In response to:

Neurology and the Soul from the November 22, 1990 issue

To the Editors:

Call me pedantic, but the phrase of William James’s that Oliver Sacks quotes in his interesting article “Neurology and the Soul” [NYR, November 22, 1990] is not “a booming, buzzing chaos” (unless of course James reworked his phrase and I don’t know it). It’s “blooming buzzing confusion” (no comma) (and even has “big” before it, which people forget), in the essay “Percept and Concept—The Import of Concepts” in Some Problems of Philosophy. The latter phrase is less violent and substantive than Sacks’s version of it—is more fluidly mental, we might say—and hence might be more apposite to Sacks’s essay.

Gregory Ludwig
Highland Lakes, New Jersey

Oliver Sacks replies:

Yes, Gregory Ludwig is perfectly correct: I had—quite unconsciously—misremembered (and, evidently, “reworked”) William James’s phrase.

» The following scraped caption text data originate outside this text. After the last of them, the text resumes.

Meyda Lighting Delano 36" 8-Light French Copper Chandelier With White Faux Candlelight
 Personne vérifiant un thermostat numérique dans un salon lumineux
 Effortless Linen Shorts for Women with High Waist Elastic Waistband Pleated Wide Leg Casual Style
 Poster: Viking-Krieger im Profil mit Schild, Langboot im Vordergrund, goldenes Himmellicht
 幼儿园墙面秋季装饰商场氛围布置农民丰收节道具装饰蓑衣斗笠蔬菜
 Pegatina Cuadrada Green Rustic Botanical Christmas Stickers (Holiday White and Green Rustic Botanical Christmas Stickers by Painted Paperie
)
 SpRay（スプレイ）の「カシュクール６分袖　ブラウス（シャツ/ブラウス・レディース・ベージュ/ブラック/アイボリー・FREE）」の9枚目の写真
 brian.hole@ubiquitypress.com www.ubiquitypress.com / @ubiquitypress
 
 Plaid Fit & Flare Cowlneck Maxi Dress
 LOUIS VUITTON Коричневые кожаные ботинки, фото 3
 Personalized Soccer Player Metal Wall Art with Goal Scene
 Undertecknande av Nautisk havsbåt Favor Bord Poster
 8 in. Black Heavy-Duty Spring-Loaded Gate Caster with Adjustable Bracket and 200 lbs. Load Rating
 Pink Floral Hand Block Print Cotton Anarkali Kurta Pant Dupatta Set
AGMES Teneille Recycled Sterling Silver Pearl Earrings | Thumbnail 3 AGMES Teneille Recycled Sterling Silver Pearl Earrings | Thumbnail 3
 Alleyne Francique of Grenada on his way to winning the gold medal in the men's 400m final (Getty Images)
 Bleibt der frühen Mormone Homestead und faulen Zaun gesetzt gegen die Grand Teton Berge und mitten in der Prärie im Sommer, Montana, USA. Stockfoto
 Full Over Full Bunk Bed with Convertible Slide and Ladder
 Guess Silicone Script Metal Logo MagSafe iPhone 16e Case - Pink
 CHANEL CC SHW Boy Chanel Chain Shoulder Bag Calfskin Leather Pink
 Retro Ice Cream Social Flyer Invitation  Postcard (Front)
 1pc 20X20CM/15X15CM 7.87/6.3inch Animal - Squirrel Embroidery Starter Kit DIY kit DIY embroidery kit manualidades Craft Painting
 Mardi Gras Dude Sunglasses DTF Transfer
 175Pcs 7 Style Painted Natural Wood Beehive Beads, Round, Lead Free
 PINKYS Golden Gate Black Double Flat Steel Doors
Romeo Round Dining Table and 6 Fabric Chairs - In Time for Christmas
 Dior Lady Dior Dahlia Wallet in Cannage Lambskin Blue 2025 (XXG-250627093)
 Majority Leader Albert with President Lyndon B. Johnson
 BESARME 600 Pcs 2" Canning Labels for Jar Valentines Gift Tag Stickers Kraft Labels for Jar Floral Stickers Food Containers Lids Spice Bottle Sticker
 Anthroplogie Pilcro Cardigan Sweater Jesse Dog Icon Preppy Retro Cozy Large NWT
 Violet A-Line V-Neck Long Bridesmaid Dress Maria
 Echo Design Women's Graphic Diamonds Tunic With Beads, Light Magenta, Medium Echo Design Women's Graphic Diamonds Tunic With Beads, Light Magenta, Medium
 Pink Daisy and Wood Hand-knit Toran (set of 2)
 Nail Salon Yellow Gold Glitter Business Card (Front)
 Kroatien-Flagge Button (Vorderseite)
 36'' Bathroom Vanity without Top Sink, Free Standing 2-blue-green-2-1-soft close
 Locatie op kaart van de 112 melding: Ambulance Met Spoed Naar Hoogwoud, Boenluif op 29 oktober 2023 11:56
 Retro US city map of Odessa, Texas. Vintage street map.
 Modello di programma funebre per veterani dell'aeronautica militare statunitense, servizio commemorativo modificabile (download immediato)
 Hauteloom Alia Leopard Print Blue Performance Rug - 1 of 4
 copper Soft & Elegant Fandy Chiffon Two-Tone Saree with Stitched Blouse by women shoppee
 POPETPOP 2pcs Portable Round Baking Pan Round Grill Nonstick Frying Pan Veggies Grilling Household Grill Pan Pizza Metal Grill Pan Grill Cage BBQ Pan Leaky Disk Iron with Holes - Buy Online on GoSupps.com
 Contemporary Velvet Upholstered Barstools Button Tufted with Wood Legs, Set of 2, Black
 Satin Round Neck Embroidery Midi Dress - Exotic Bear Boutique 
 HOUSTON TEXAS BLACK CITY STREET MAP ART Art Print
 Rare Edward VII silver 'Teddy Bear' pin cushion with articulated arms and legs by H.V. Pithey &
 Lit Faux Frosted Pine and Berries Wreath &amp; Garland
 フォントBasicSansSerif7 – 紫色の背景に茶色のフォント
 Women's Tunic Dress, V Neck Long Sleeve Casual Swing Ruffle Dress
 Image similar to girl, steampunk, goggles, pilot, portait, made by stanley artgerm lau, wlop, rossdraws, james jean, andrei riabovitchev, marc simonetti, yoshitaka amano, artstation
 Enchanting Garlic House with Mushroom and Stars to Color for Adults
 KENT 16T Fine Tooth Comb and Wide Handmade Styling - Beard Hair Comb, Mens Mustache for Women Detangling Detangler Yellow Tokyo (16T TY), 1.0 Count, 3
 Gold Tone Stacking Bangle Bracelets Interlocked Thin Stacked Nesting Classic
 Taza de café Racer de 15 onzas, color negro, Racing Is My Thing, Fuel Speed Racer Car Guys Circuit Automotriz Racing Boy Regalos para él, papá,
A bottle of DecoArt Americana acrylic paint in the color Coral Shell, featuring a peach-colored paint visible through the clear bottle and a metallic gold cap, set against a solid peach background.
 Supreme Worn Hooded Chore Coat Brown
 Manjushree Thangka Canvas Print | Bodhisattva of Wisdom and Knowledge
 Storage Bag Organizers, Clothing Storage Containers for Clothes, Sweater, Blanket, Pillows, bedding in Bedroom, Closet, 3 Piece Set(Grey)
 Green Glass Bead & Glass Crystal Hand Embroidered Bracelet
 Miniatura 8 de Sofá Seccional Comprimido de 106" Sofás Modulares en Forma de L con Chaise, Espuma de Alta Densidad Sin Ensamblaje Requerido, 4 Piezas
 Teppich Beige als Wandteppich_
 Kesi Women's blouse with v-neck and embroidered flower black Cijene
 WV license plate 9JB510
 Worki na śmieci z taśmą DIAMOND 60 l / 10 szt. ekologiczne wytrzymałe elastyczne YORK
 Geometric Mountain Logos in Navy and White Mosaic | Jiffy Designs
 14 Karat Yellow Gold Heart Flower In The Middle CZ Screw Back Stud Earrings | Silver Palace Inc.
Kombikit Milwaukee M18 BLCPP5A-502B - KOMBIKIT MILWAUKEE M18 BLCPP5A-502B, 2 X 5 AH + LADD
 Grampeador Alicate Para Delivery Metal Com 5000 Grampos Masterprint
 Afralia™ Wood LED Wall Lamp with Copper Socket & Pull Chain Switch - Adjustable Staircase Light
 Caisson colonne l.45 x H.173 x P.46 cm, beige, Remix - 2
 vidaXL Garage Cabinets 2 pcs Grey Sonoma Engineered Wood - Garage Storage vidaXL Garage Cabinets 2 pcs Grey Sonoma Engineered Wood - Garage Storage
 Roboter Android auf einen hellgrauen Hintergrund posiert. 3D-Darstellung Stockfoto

This in itself is an example of what Bartlett describes in Remembering: that remembering is an active (hence “creative”) process of reconstructing and revising, and not a passive reproduction of a fixed “memory trace.” Although I may unconsciously, in recalling it, have “Sacksified” James’s great phrase, I freely admit that the original is much better, and am grateful to Gregory Ludwig for pointing this out.